South American Origins
Futsal has its origins in the South American countries of Uruguay and Brazil where, in the 1930’s, two versions of small sided football were being played in the cities of Montevideo and Sao Paulo respectively.
In Montevideo, the Argentinean coach Juan Carlos Ceriani developed an indoor version of the 11 aside game that could be played in youth competitions in the local YMCA’s.
Meanwhile in Brazil, a version began to develop on the streets of Sao Paulo, leading to the publishing of the first rules of the game in 1936 from the country that would soon become the masters of the game.
The sport began to spread from the South American continent and with it’s growing popularity came the need for a governing body and a World Championships. The International Federation for Futebol de Sala, FIFUSA, was officially founded in Brazil in 1971 and the first FIFUSA world championships were held in Sao Paulo with the hosts taking first place ahead of Paraguay and Uruguay. The Brazilians fielded stars from their 11-aside game that had been brought up playing the sport with amongst others Pele, Rivelino, Falcao and Zico demonstrating their skills as Futsal players.

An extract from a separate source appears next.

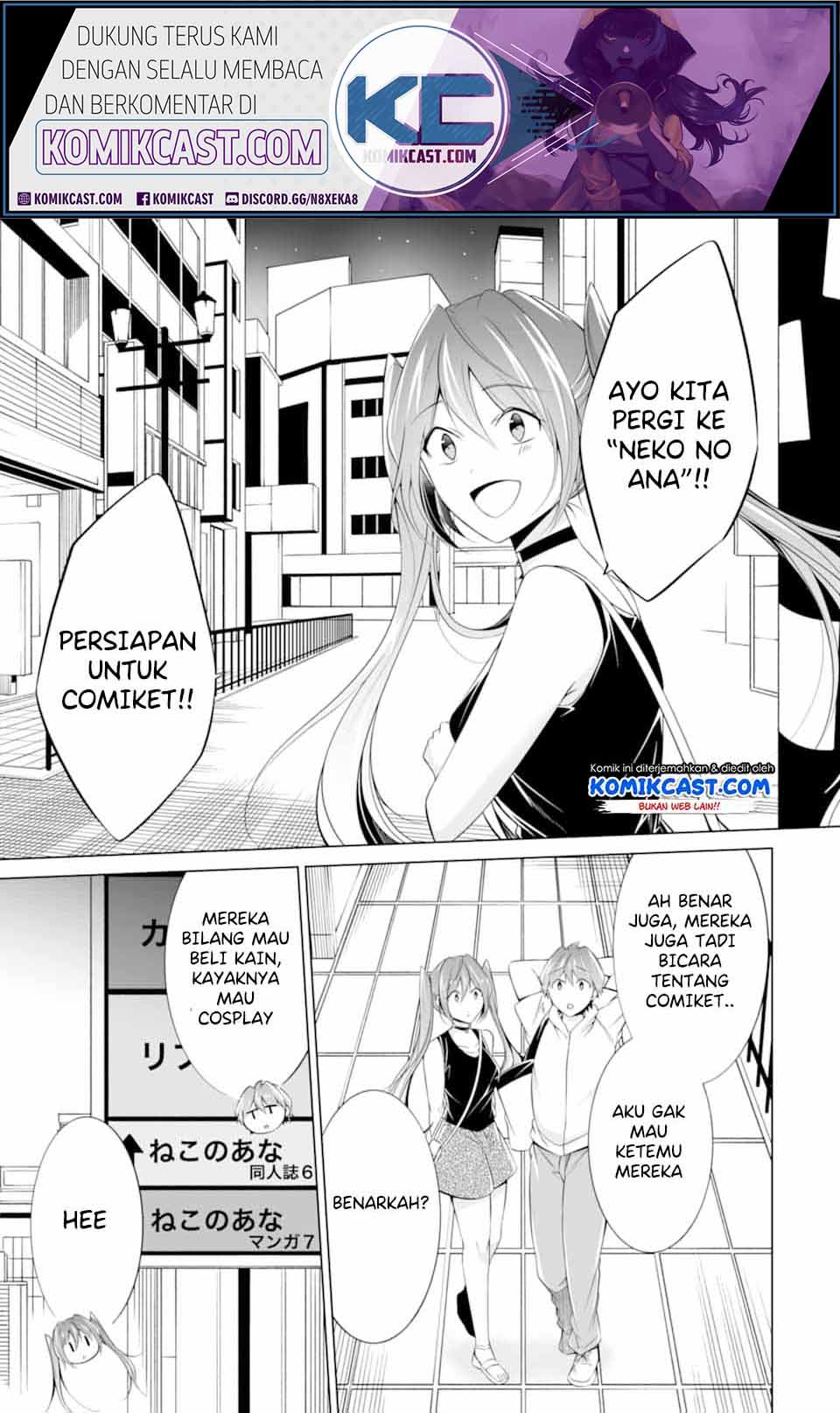 Chuuko demo Koi ga Shitai! Chapter 62 - halaman 20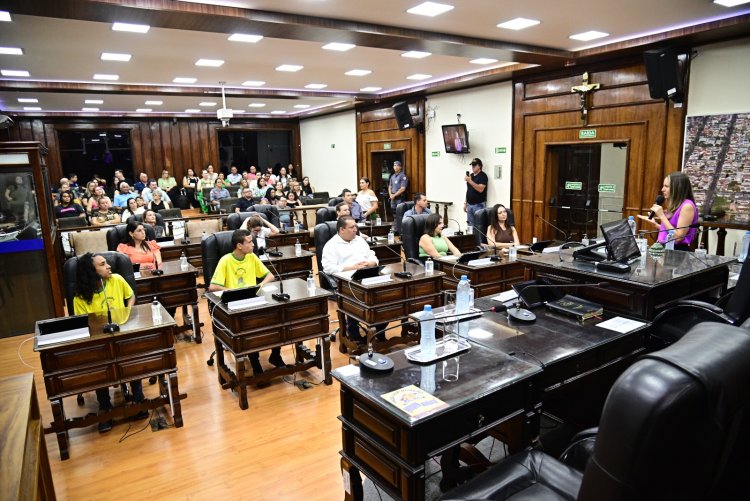 A FEAPAES-SP presente em Tupã: presidente estadual ministrou palestra sobre  políticas públicas para pessoas com deficiência!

The game continued to grow under FIFUSA with even more countries participating in the second world championships that took place in 1985, this time hosted in Madrid.
FIFA Takes Control
It was becoming clear that the sport was beginning to outgrow FIFUSA and in 1989 FIFA took over as the governing body, abbreviating Futebol de Sala to ‘Futsal’ and organising the first FIFA Futsal World Championship held in the Netherlands in the same year.
Under FIFA’s control new rules were introduced aimed at improving the technical and aspects of the game for players and spectators alike. The ball was made slightly larger (increased to a size 4) but still weighted to reduce bounce, the linesmen were replaced with the second referee and unlimited substitutions were introduced.
FIFA’s relationships with its member associations enabled more and more countries to gain access to futsal knowledge and resources. This was no doubt a major factor in the increase in the number of participating nations in the fourth FIFA world championships held in Gautamala City in 2000, in which Spain ended the dominance of Brazil in world Futsal beating them in the final. This was the crowning glory on an excellent performance by all the UEFA Associations taking part.
The dominance of UEFA associations at the Guatemala finals did not come out of blue and was the result of a development plan that began in 1996 when UEFA, recognising the growth in Futsal across the continent in the early 1990’s, arranged a European tournament for national teams in Cordoba, Spain, which was eventually won by the hosts.
UEFA continued to build on the growing popularity of the game, organising the first European Championships back in Spain but this time in Granada, which the Russians won after a penalty shoot out. The tournament attracted record number of crowds and convinced UEFA to carry on with the development of the game, encouraging even more of it’s member associations to take part in the qualifying rounds of the second UEFA Championships held in Moscow in 2001.
In the same year, encouraged by the growth in stature of the domestic leagues in Europe, UEFA created the official European competition for futsal clubs – the UEFA Futsal Cup, with teams from member associations earning their right to play in the competition by winning the National League or Championship organised by their own association.